Unsaturated polyester is a high polymer with a linear structure of unsaturated double bonds. Any monomer that can be cross-linked and copolymerized with this high polymer is called a cross-linking agent, also known as “bridging agent”. The polyester is cross-linked into a network structure. There are two main functions of the cross-linking agent: cross-linking and curing in photopolymerization; as a diluent, it reduces the viscosity of the system and improves the fluidity of the resin. The ideal crosslinking agent is also an ideal reactive diluent, which can be selected according to the following principles. It has better miscibility with resin, can dissolve and dilute unsaturated polyester, and can participate in photocuring reaction; it has good photosensitivity and excellent photocuring. Activity; improve the physical properties of the film after curing; low volatility, odorless, non-toxic; rich sources, cheap. To choose a suitable cross-linking agent, it is also necessary to consider the characteristics of the resin itself, integrate various factors, and learn from each other to obtain better results.
In the polymerization system, a compound that is easily decomposed or excited by light is added in addition to the monomer, called a photosensitizer (also called a sensitizer). The resulting photopolymerization is called photo-sensitized photopolymerization. The photosensitizer used to enhance photopolymerization usually absorbs light with a longer wavelength than the monomer and decomposes to generate free radicals; or photoexcitation causes secondary reactions to generate free radicals, both of which cause photopolymerization.
There are two main categories of photosensitizers commonly used in UV light curing inks: ketones, such as benzophenone, bibenzoyl, zhuchi ketone, p-phenylbenzophenone, halogenated acetophenone; benzoin and its ethers class, such as benzoin, benzoin methyl ether, benzoin ether, benzoin butyl ether, alpha-methyl benzoin, alpha-phenyl benzoin. Their common feature is that they all contain , base and aromatic ketone groups. The difference between them is that benzoins themselves can trigger olefin monomers through photochemical action, so they are both photosensitizers and photoinitiators; while benzoins often need to interact with other molecules after photochemical action. In order to initiate the polymerization of ethylenic monomers, it is strictly a photosensitizer, not a good photoinitiator, and often needs to be used in conjunction with other compounds. Nonetheless, the common feature of these two types of substances is that there are aromatic ketone groups in the group, which first perform photosensitization. The dosage of photosensitizer in UV light curing ink is generally 1% to 10% (mass fraction), preferably 3% to 6%. When the amount of photosensitizer is too small, the speed of light “bridging” is slowed down, which is not conducive to application. On the other hand, if the amount of photosensitizer is too much, the photo-curing speed will not necessarily increase, which is not only economically unreasonable, but also will reduce the strength of the cured conjunctiva and affect the performance of the ink film.

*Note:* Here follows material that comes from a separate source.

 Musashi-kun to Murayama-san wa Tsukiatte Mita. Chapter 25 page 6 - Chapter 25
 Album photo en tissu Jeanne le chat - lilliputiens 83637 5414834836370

In the process of free radical polymerization, due to the existence of some small amounts of substances, the polymerization of monomers and unsaturated resins cannot occur, which is called polymerization inhibition, and the substances that cause this phenomenon are called polymerization inhibitors. 01%〜0. 20%。 The polymerization inhibitor should not inhibit the photocuring reaction, only to prevent the thermal polymerization reaction was added, therefore, the amount of unsaturated polyester 0. 01% ~ 0. 20%.
3) Auxiliary
Waxes are often used as auxiliary agents in inks to improve the friction resistance of inks and reduce viscosity. The basic requirements for the use of waxes in inks are high melting point and microcrystalline. The waxes that can be used in inks are microcrystalline waxes and polyethylene waxes. In addition, a small amount of tertiary amines, derivatives of phosphine, etc. are added as auxiliary agents.
4. Technical indicators and printability of UV-curable inks
1) Specifications of UV-curable ink
The color is similar to the standard sample; the fineness is 15~25μm; the fluidity is 20~35mm; the tinting strength is 90%~110%; the viscosity is 15~25 (32℃); the impact strength is 29.4N m; 1~2s.
2) Printability of UV-curable inks
Mixing of inks. Light-curable inks can be mixed with each other, but not with general inks. When changing from the original ink to light-setting ink, it should be washed before printing.
Ink cleaning. Dedicated product for light-curable inks applied to cleaning solvents. During printing, if the cleaning solvent remains on the ink roller, blanket and water roller, it will become the cause of poor ink drying and poor inking, so it must be completely removed.
Auxiliary material. There are viscosity reducers, driers and hardeners in the auxiliary materials. The viscosity reducer is used to reduce the viscosity of the ink, and the addition amount should be within 5%. If it exceeds this amount, the hardening of the ink will be reduced; the drier is used to increase the assimilation speed of the light-solid ink, and the addition amount should be within 2%; The maximum hardener is 10%, beyond which there is no effect. This adjuvant is a special product for light-curing ink, and general adjuvants cannot be used.
5. The main points of using UV light curing ink
Due to the drying characteristics of UV ink, it has a wide range of applications and is especially suitable for printing on non-absorbent materials. If the price factor is not considered, UV light curing ink can be used in printing machines of various printing methods, and the printing materials are paper, plastic and plastic film, aluminum foil, metal, etc.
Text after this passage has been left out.